Twenty-four-bed medical intensive care unit of a 1,990-bed primary hospital, providing health care for an estimated 39,000 patients.
Twenty-seven patients, 18 male and nine female, aged 16-85 yrs, with early ARDS of known cause (17 with septic and ten with nonseptic ARDS) were enrolled in a prospective study between May 1994 and May 1995.
Serum samples were drawn every 4-6 hrs for measurement of PCT, neopterin, IL-6, and CRP concentrations. Blood cultures, tracheal aspirates, and urine samples were obtained every 12-24 hrs. In 24 of 27 patients, bronchoscopic cultures were also obtained. Clinical sepsis criteria as defined by the American College of Chest Physicians/Society of Critical Care Medicine Consensus Conference were checked daily.

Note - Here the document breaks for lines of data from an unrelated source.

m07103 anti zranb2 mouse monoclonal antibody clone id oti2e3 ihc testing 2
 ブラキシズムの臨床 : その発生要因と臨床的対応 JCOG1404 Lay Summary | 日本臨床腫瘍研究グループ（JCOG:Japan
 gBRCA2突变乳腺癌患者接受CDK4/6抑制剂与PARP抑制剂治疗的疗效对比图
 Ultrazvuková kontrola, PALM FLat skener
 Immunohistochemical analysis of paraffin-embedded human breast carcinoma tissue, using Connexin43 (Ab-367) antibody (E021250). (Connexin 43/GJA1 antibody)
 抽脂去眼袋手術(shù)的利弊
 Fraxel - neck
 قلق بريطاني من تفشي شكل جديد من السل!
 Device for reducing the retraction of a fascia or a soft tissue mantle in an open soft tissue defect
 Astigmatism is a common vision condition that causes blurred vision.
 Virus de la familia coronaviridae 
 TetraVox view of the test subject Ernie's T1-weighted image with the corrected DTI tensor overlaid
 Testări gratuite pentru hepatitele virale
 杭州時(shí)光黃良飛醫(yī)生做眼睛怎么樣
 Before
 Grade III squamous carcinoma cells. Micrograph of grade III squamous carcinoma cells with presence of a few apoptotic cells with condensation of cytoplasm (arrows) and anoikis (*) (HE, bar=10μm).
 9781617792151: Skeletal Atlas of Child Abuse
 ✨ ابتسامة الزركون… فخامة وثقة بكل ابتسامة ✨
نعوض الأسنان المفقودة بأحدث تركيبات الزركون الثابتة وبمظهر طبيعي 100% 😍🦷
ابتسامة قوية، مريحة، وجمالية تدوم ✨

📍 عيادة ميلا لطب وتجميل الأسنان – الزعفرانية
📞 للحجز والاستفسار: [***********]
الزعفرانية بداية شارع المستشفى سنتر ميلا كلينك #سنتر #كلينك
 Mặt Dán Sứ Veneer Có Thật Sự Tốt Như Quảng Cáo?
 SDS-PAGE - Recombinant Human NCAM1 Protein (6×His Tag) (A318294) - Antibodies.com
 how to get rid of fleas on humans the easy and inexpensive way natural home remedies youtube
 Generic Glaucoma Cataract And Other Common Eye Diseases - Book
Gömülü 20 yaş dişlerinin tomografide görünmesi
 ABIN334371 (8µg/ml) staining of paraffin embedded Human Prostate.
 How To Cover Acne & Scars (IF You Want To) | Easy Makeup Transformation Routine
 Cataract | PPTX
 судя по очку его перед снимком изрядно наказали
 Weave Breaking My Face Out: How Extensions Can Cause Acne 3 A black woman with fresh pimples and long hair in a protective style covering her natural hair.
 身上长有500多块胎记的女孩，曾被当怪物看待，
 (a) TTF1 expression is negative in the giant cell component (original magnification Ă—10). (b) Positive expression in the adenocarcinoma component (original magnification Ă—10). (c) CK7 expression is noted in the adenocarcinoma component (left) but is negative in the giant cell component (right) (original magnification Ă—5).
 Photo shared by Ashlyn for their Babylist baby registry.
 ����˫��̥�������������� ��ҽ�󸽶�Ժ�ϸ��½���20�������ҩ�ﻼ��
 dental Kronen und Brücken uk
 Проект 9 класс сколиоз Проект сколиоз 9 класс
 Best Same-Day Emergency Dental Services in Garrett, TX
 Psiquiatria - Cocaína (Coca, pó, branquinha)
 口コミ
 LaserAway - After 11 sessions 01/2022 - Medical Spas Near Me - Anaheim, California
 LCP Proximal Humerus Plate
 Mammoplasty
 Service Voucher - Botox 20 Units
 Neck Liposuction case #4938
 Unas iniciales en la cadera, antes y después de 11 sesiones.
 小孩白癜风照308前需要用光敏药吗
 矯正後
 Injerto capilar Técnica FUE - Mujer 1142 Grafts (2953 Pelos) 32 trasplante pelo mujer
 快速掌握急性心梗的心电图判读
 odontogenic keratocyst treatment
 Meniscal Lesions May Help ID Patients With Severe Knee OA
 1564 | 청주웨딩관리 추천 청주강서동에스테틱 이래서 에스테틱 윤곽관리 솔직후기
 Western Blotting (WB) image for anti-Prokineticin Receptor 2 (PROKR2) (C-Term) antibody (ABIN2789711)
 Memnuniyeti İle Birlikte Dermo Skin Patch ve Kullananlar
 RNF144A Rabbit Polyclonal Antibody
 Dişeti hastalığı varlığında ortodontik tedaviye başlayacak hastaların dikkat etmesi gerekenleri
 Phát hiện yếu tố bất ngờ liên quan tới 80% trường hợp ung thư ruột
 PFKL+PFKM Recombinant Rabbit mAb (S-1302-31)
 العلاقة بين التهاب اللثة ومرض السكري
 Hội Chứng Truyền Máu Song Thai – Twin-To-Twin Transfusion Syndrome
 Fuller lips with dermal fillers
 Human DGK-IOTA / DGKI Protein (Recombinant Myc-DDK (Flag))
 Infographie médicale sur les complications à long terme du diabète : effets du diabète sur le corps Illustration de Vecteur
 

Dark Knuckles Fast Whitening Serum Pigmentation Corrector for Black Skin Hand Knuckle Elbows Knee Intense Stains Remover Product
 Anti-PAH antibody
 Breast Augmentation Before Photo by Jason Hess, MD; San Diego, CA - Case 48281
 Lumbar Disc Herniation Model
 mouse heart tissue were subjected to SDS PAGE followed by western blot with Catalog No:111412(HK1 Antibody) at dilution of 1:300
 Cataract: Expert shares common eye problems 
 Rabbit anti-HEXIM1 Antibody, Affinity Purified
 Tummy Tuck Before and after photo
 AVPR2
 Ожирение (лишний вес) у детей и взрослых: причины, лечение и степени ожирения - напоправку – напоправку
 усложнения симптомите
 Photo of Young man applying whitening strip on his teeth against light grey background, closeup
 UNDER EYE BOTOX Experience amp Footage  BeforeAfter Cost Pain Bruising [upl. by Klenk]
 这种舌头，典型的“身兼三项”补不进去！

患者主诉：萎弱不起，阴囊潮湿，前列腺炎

Assessment of inflammation marker serum levels in septic vs. nonseptic ARDS. PCT serum levels were significantly higher (p < .0005) in the patients with septic ARDS than in patients with nonseptic ARDS within 72 hrs after onset of ARDS. There was no overlap between the two groups. Also, neopterin allowed a differentiation (p < .005), although a substantial overlap between serum levels of septic and nonseptic patients was observed. No discrimination could be achieved by determination of CRP and IL-6 levels.
PCT determination in early ARDS could help to discriminate between septic and nonseptic underlying disease.
检测脓毒症标志物降钙素原(PCT)在鉴别急性呼吸窘迫综合征(ARDS)的感染性和非感染性病因方面的适用性。
前瞻性研究,评估早期(发病后72小时内)ARDS患者PCT血清水平的变化过程。同时检测另外三种炎症标志物蝶呤、白细胞介素-6(IL-6)和C反应蛋白(CRP)。
一家拥有1990张床位的一级医院的24床医疗重症监护病房,为约39000名患者提供医疗服务。
1994年5月至1995年5月期间,27例年龄在16 - 85岁之间、病因明确的早期ARDS患者(18例男性,9例女性)被纳入前瞻性研究,其中17例为感染性ARDS,10例为非感染性ARDS。
每4 - 6小时采集血清样本,检测PCT、蝶呤、IL-6和CRP浓度。每12 - 24小时采集血培养、气管吸出物和尿液样本。27例患者中有24例还进行了支气管镜培养。每天检查美国胸科医师学会/危重病医学会共识会议定义的临床脓毒症标准。
评估感染性与非感染性ARDS患者炎症标志物血清水平。ARDS发病后72小时内,感染性ARDS患者的PCT血清水平显著高于非感染性ARDS患者(p <.0005)。两组之间无重叠。此外,蝶呤也能实现区分(p <.005),尽管感染性和非感染性患者的血清水平有大量重叠。通过检测CRP和IL-6水平无法实现区分。
早期ARDS患者测定PCT有助于鉴别感染性和非感染性基础疾病。